▸ Exercise description:
Below are several entries. Transcribe exactly those lines that fall from the one with "Carte SIM Philippines" through the one with "AUDI A5 Sportback 2.0 TDI 140kW 2014 - 15", end lines included.

Caption-style text data
※

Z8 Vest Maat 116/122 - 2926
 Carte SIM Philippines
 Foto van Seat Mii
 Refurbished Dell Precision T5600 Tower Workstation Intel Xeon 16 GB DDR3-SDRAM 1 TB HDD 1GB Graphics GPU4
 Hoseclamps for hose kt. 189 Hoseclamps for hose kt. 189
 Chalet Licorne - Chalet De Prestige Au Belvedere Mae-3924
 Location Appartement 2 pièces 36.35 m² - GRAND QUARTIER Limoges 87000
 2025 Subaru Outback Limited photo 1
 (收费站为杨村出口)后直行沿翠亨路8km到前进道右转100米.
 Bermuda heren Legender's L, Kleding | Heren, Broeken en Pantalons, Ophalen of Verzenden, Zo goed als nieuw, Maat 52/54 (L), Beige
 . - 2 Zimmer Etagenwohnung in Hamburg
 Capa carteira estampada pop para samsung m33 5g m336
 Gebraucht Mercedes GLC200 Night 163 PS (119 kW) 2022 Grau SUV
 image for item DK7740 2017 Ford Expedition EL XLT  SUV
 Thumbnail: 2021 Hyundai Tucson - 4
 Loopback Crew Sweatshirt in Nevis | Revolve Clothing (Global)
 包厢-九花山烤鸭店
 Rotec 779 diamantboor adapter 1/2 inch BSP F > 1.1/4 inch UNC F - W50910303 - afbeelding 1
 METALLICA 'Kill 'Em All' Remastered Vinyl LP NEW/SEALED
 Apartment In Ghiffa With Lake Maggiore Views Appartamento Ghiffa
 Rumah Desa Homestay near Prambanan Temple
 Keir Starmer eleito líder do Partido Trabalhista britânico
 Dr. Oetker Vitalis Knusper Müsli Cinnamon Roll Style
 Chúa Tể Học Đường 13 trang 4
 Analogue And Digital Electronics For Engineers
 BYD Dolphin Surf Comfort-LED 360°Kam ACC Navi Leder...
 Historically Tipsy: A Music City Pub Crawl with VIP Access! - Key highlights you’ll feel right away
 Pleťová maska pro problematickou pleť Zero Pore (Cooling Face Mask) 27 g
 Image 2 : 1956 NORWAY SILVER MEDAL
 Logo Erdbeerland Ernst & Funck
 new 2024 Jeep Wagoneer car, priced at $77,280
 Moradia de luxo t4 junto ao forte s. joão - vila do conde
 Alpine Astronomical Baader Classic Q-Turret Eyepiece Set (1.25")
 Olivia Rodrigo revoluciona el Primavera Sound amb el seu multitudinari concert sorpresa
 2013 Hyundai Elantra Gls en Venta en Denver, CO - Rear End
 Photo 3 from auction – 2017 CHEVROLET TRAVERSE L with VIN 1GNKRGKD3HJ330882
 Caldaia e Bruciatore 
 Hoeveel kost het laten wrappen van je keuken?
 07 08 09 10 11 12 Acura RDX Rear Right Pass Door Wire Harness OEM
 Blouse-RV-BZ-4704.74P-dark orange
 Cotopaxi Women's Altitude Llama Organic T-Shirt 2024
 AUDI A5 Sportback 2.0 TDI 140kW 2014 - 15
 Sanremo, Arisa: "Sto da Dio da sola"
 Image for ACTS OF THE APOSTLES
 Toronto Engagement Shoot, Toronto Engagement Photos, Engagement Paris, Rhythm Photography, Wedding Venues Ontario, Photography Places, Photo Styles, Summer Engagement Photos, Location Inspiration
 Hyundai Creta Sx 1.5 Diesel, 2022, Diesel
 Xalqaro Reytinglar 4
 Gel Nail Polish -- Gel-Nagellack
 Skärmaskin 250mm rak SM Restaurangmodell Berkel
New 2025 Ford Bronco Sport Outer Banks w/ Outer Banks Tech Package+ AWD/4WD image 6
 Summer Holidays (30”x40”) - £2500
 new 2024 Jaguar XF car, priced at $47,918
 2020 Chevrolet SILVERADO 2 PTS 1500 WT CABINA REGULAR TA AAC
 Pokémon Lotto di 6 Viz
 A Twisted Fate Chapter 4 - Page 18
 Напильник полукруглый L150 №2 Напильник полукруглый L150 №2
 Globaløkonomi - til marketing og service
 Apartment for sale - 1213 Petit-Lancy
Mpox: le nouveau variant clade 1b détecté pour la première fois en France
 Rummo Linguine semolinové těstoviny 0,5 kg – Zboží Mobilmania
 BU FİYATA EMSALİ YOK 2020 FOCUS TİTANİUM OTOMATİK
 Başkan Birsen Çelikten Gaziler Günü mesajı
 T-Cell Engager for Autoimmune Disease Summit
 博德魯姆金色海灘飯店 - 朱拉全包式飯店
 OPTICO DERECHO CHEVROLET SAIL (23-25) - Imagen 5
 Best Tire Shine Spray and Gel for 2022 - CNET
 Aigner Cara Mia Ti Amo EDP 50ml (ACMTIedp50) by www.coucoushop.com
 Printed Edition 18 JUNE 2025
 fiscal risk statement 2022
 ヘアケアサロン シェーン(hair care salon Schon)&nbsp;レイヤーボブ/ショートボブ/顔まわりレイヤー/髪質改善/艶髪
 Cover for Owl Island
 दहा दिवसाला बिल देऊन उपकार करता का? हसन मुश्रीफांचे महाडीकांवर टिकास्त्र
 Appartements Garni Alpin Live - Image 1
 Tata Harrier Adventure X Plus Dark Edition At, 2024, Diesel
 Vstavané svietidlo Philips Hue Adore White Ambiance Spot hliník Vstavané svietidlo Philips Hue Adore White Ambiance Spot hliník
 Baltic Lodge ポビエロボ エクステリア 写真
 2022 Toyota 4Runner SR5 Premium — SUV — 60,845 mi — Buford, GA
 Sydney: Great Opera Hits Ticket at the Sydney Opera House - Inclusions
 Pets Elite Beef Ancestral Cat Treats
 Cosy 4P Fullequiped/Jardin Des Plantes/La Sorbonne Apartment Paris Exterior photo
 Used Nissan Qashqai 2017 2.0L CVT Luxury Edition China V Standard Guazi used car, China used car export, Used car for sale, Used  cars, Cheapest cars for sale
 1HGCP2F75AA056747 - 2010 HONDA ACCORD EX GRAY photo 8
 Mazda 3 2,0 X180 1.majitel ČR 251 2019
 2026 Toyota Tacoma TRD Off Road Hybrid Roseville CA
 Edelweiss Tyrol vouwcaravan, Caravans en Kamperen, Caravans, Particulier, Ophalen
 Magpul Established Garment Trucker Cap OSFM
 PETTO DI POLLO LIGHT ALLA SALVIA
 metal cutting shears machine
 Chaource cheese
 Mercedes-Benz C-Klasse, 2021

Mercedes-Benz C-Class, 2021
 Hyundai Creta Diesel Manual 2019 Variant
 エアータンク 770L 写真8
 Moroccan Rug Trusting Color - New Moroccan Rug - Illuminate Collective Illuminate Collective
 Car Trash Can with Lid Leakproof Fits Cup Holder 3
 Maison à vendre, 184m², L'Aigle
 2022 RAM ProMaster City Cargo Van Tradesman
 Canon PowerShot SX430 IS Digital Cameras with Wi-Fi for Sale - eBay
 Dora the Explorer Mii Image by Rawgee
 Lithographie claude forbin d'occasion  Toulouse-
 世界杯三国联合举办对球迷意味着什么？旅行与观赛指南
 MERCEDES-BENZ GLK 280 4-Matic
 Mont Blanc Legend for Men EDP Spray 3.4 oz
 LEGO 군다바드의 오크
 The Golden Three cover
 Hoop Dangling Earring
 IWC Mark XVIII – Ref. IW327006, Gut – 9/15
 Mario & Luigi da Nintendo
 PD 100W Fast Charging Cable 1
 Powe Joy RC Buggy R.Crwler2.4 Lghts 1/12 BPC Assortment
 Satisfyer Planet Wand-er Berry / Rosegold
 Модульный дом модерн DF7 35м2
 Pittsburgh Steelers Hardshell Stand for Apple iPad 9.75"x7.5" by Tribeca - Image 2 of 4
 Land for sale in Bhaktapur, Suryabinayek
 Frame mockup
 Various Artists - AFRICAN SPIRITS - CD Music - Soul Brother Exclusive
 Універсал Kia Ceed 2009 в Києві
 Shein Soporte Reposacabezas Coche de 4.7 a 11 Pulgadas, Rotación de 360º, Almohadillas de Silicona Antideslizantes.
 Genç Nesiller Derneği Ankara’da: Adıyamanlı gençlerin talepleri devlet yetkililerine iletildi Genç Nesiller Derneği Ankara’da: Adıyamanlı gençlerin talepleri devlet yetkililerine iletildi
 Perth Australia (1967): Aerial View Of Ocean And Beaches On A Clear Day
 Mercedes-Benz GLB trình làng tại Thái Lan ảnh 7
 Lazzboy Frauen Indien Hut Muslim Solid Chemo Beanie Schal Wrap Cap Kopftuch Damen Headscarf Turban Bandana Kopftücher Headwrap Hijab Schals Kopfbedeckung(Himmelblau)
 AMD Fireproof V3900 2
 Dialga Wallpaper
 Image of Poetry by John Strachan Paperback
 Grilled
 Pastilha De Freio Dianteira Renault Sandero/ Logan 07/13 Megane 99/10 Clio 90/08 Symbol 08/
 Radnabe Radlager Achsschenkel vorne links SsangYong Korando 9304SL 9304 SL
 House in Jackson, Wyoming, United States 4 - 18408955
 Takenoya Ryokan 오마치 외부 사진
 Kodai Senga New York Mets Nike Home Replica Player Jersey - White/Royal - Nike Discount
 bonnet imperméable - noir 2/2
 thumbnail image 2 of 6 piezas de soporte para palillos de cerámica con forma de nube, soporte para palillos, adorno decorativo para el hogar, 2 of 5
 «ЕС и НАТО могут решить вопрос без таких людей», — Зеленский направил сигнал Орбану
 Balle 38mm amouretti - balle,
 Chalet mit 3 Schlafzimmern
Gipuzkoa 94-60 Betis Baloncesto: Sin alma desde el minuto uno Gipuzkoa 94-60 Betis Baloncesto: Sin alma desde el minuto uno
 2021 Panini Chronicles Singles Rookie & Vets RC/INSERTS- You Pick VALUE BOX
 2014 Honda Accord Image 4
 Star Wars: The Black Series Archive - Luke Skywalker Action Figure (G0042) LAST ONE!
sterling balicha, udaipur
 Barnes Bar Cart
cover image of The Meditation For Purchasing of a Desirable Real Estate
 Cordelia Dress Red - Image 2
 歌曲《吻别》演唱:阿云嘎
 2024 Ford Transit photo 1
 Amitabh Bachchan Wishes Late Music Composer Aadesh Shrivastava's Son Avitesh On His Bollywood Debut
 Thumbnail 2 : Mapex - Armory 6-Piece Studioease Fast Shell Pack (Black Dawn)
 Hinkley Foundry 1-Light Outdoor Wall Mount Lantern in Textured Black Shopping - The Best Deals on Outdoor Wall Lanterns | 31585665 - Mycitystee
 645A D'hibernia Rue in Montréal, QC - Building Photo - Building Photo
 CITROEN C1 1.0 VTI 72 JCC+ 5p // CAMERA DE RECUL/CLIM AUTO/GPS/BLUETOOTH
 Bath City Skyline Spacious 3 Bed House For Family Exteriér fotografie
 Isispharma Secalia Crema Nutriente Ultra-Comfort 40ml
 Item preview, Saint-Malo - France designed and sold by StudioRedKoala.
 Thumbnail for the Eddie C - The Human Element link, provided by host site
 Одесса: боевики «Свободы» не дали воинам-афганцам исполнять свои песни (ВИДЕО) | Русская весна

※

▸ Result for this task:
 Carte SIM Philippines
 Foto van Seat Mii
 Refurbished Dell Precision T5600 Tower Workstation Intel Xeon 16 GB DDR3-SDRAM 1 TB HDD 1GB Graphics GPU4
 Hoseclamps for hose kt. 189 Hoseclamps for hose kt. 189
 Chalet Licorne - Chalet De Prestige Au Belvedere Mae-3924
 Location Appartement 2 pièces 36.35 m² - GRAND QUARTIER Limoges 87000
 2025 Subaru Outback Limited photo 1
 (收费站为杨村出口)后直行沿翠亨路8km到前进道右转100米.
 Bermuda heren Legender's L, Kleding | Heren, Broeken en Pantalons, Ophalen of Verzenden, Zo goed als nieuw, Maat 52/54 (L), Beige
 . - 2 Zimmer Etagenwohnung in Hamburg
 Capa carteira estampada pop para samsung m33 5g m336
 Gebraucht Mercedes GLC200 Night 163 PS (119 kW) 2022 Grau SUV
 image for item DK7740 2017 Ford Expedition EL XLT  SUV
 Thumbnail: 2021 Hyundai Tucson - 4
 Loopback Crew Sweatshirt in Nevis | Revolve Clothing (Global)
 包厢-九花山烤鸭店
 Rotec 779 diamantboor adapter 1/2 inch BSP F > 1.1/4 inch UNC F - W50910303 - afbeelding 1
 METALLICA 'Kill 'Em All' Remastered Vinyl LP NEW/SEALED
 Apartment In Ghiffa With Lake Maggiore Views Appartamento Ghiffa
 Rumah Desa Homestay near Prambanan Temple
 Keir Starmer eleito líder do Partido Trabalhista britânico
 Dr. Oetker Vitalis Knusper Müsli Cinnamon Roll Style
 Chúa Tể Học Đường 13 trang 4
 Analogue And Digital Electronics For Engineers
 BYD Dolphin Surf Comfort-LED 360°Kam ACC Navi Leder...
 Historically Tipsy: A Music City Pub Crawl with VIP Access! - Key highlights you’ll feel right away
 Pleťová maska pro problematickou pleť Zero Pore (Cooling Face Mask) 27 g
 Image 2 : 1956 NORWAY SILVER MEDAL
 Logo Erdbeerland Ernst & Funck
 new 2024 Jeep Wagoneer car, priced at $77,280
 Moradia de luxo t4 junto ao forte s. joão - vila do conde
 Alpine Astronomical Baader Classic Q-Turret Eyepiece Set (1.25")
 Olivia Rodrigo revoluciona el Primavera Sound amb el seu multitudinari concert sorpresa
 2013 Hyundai Elantra Gls en Venta en Denver, CO - Rear End
 Photo 3 from auction – 2017 CHEVROLET TRAVERSE L with VIN 1GNKRGKD3HJ330882
 Caldaia e Bruciatore 
 Hoeveel kost het laten wrappen van je keuken?
 07 08 09 10 11 12 Acura RDX Rear Right Pass Door Wire Harness OEM
 Blouse-RV-BZ-4704.74P-dark orange
 Cotopaxi Women's Altitude Llama Organic T-Shirt 2024
 AUDI A5 Sportback 2.0 TDI 140kW 2014 - 15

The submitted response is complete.